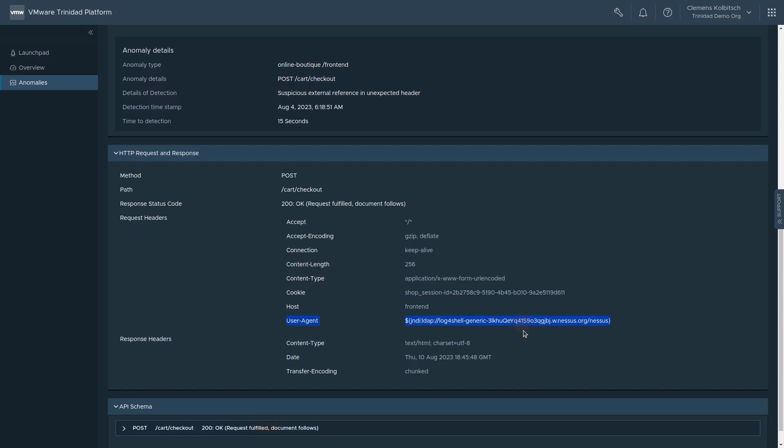For each parameter, it has built a model that describes the expectation of allowed values. As a result, it is not only able to identify unknown zero-day attacks, but also give detailed information about what in a particular request raised suspicion.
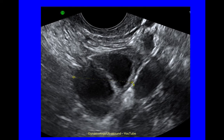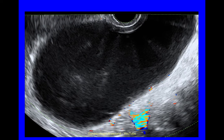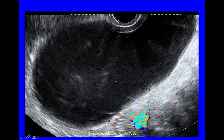This cyst is multilocular, no solid material, anechoic, with no shadowing. The next serous cystadenoma was very large — 175mm in diameter. Again it's unilocular with no solid material. This apparent internal content is artefact; the cyst was in fact anechoic, with minor vascularity and no shadowing.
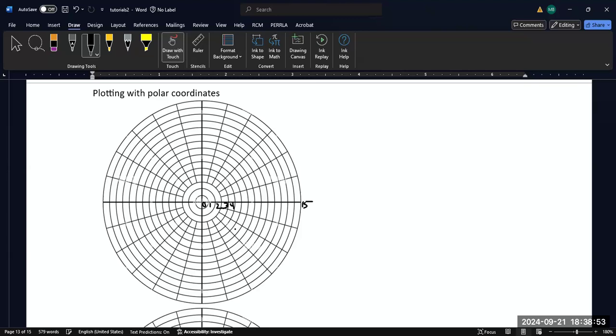So again, try to keep the size of your graph and the size of the plot that you're trying to make, the coordinates that you're trying to plot kind of in mind as you're deciding how to label these radii units.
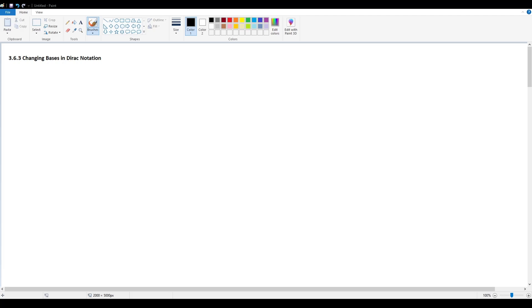Sections 3.6.1 and 3.6.2 were introductions to the concept of Dirac notation and how to use it. Section 3.6.3 is going to talk about why we even want to use Dirac notation, and the simple answer is that it offers a faster and more simple way to convert from one basis to another.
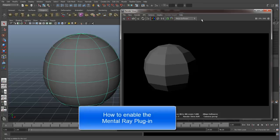You may not have access to Mental Ray. If this happens, I will show you how to get Mental Ray on your machine.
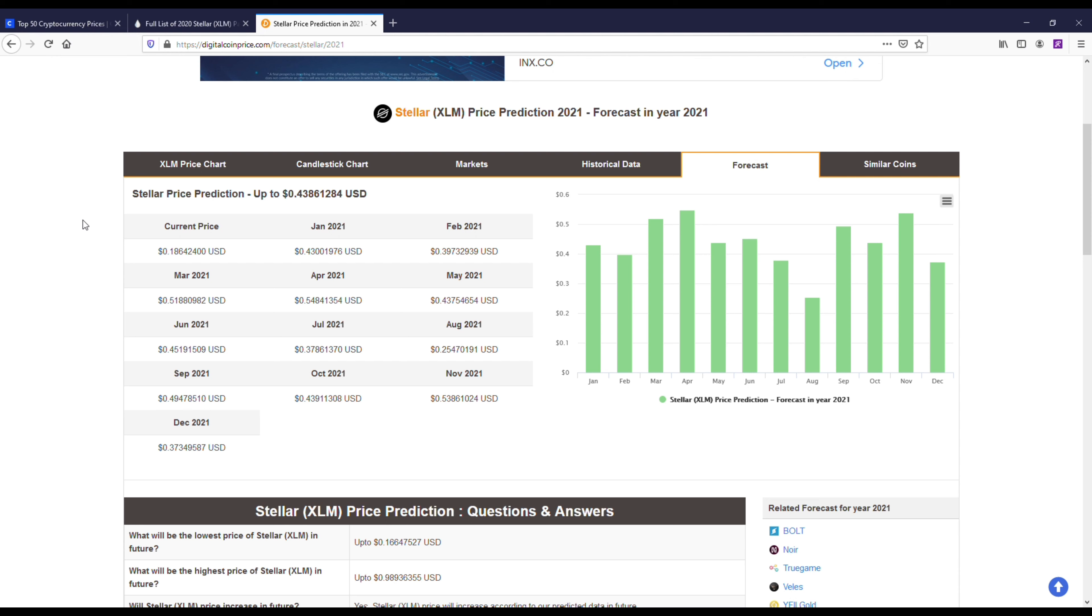I did want to pull up DigitalCoinPrice.com because they had some forecasts for all of 2021 where they're thinking it can get up to like 50 cents. In my opinion, I think this is actually pretty close. I could see XLM now getting anywhere from 30 to 50 cents in 2021.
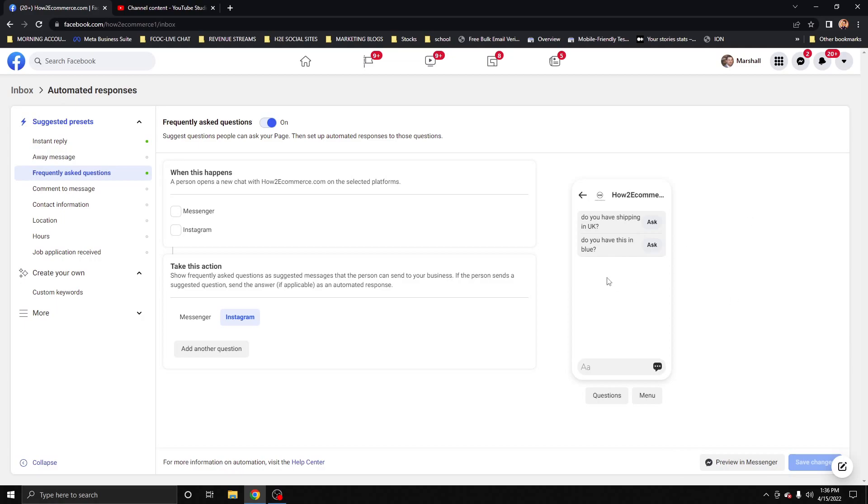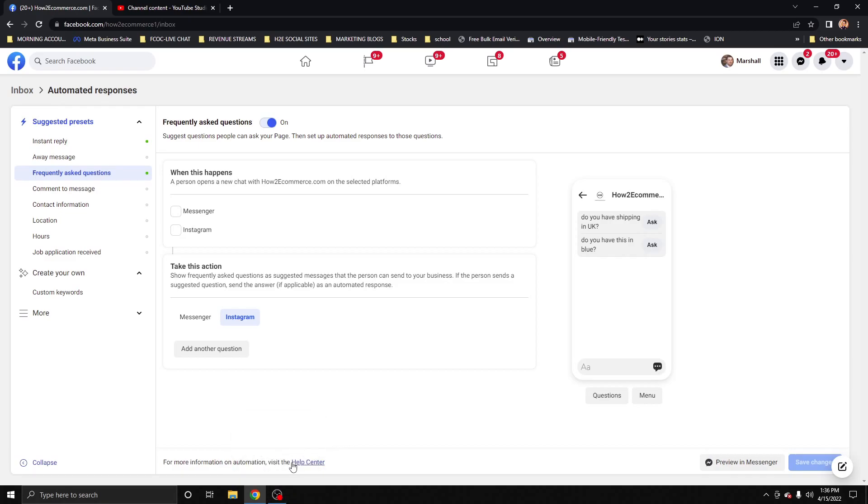Click Save, and that way they fire on both Instagram and Messenger. Alright, sorry about that, and hopefully that helps. If you have any questions or want to check out any other videos, visit howtoecommerce.com. Thanks and have a great day.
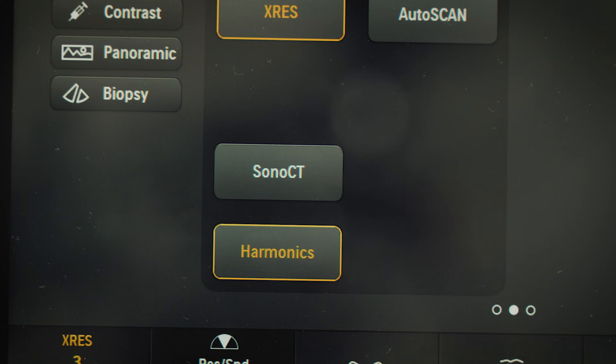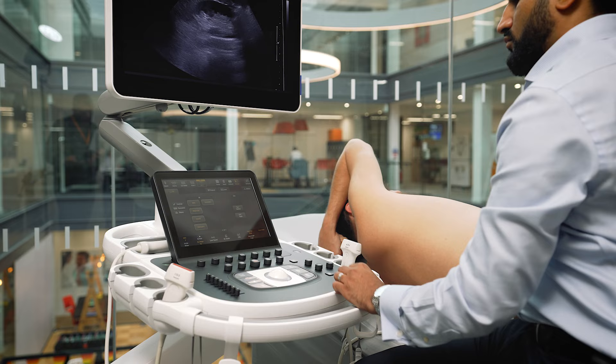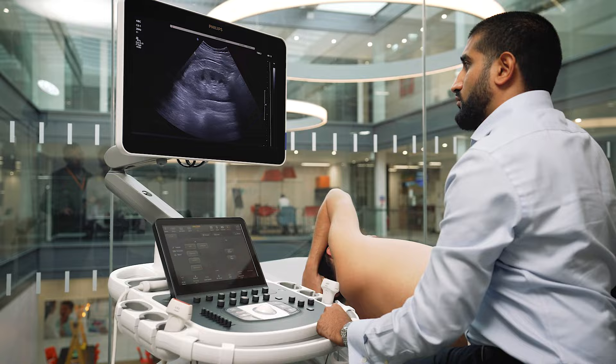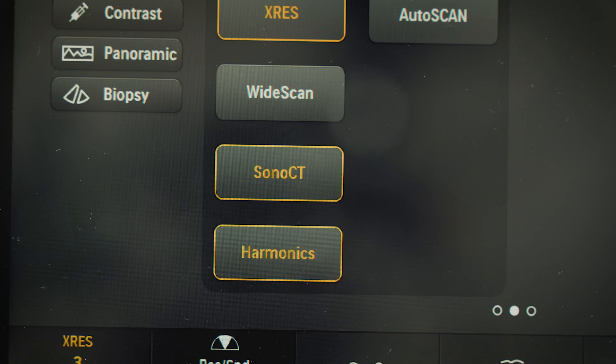SonoCT allows for compound imaging using up to nine lines of sight on the Epic Elite, resulting in fewer artifacts, less clutter, and better border definitions. The default position is on, but can be turned off with one press on the touch screen.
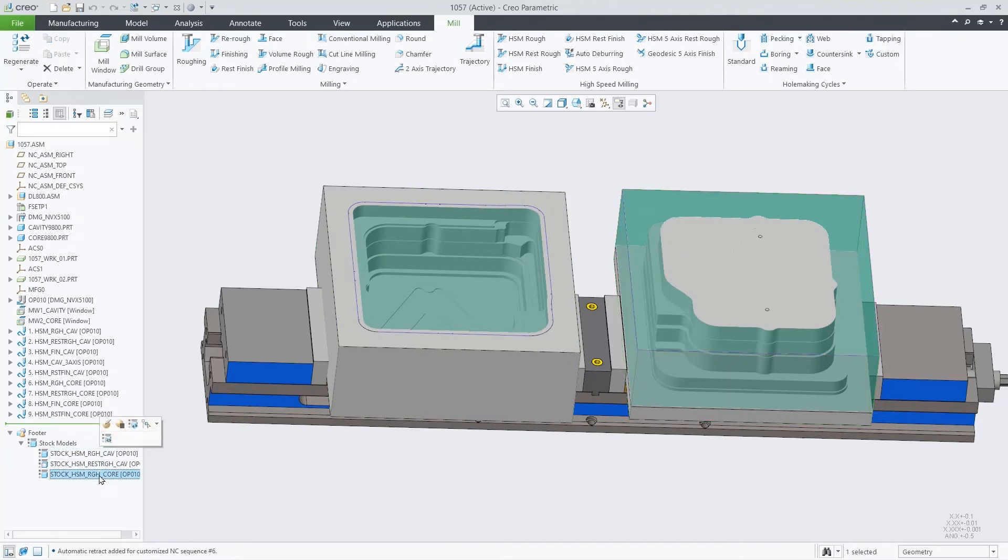Another command related to this is under the manufacturing geometry. It's called update all stock models.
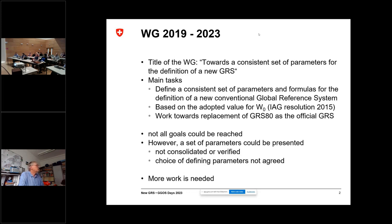We should work towards the replacement of the GRS-80, as we already heard from Detlef, which is a little bit outdated. People started to use different values, especially for the GM but also for flattening, and so we really would go towards consistency again in Geodesy. Not all goals of this working group could be reached yet — we are not ready yet.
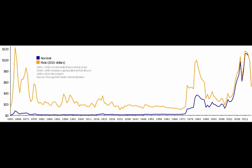Looking at a chart of global oil prices from the 1860s to the present, there are two lines: the blue one shows nominal prices — the actual price for a barrel of oil in a given year. So in 1868 a barrel cost about ten dollars, and in 1921 about six dollars. But nominal prices don't tell us much on their own.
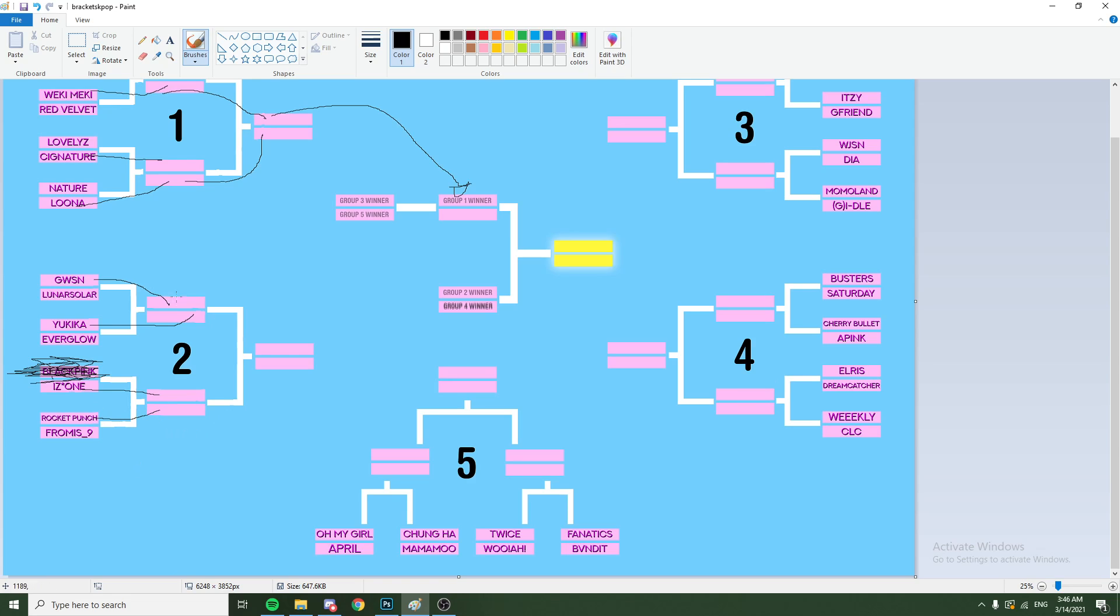Rocket Punch, yeah. Rocket Punch. And then Yukika. Yukika, yeah. Rocket Punch. Rocket?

* _What to work on_:
Every line of the material should be repeated precisely; pictures are to be excluded.

* _Task solution_:
For each parameter, it has built a model that describes the expectation of allowed values. As a result, it is not only able to identify unknown zero-day attacks, but also give detailed information about what in a particular request raised suspicion.
This cyst is multilocular, no solid material, anechoic, with no shadowing. The next serous cystadenoma was very large — 175mm in diameter. Again it's unilocular with no solid material. This apparent internal content is artefact; the cyst was in fact anechoic, with minor vascularity and no shadowing.
So again, try to keep the size of your graph and the size of the plot that you're trying to make, the coordinates that you're trying to plot kind of in mind as you're deciding how to label these radii units.
Sections 3.6.1 and 3.6.2 were introductions to the concept of Dirac notation and how to use it. Section 3.6.3 is going to talk about why we even want to use Dirac notation, and the simple answer is that it offers a faster and more simple way to convert from one basis to another.
You may not have access to Mental Ray. If this happens, I will show you how to get Mental Ray on your machine.
I did want to pull up DigitalCoinPrice.com because they had some forecasts for all of 2021 where they're thinking it can get up to like 50 cents. In my opinion, I think this is actually pretty close. I could see XLM now getting anywhere from 30 to 50 cents in 2021.
Click Save, and that way they fire on both Instagram and Messenger. Alright, sorry about that, and hopefully that helps. If you have any questions or want to check out any other videos, visit howtoecommerce.com. Thanks and have a great day.
SonoCT allows for compound imaging using up to nine lines of sight on the Epic Elite, resulting in fewer artifacts, less clutter, and better border definitions. The default position is on, but can be turned off with one press on the touch screen.
Another command related to this is under the manufacturing geometry. It's called update all stock models.
We should work towards the replacement of the GRS-80, as we already heard from Detlef, which is a little bit outdated. People started to use different values, especially for the GM but also for flattening, and so we really would go towards consistency again in Geodesy. Not all goals of this working group could be reached yet — we are not ready yet.
Looking at a chart of global oil prices from the 1860s to the present, there are two lines: the blue one shows nominal prices — the actual price for a barrel of oil in a given year. So in 1868 a barrel cost about ten dollars, and in 1921 about six dollars. But nominal prices don't tell us much on their own.
Rocket Punch, yeah. Rocket Punch. And then Yukika. Yukika, yeah. Rocket Punch. Rocket?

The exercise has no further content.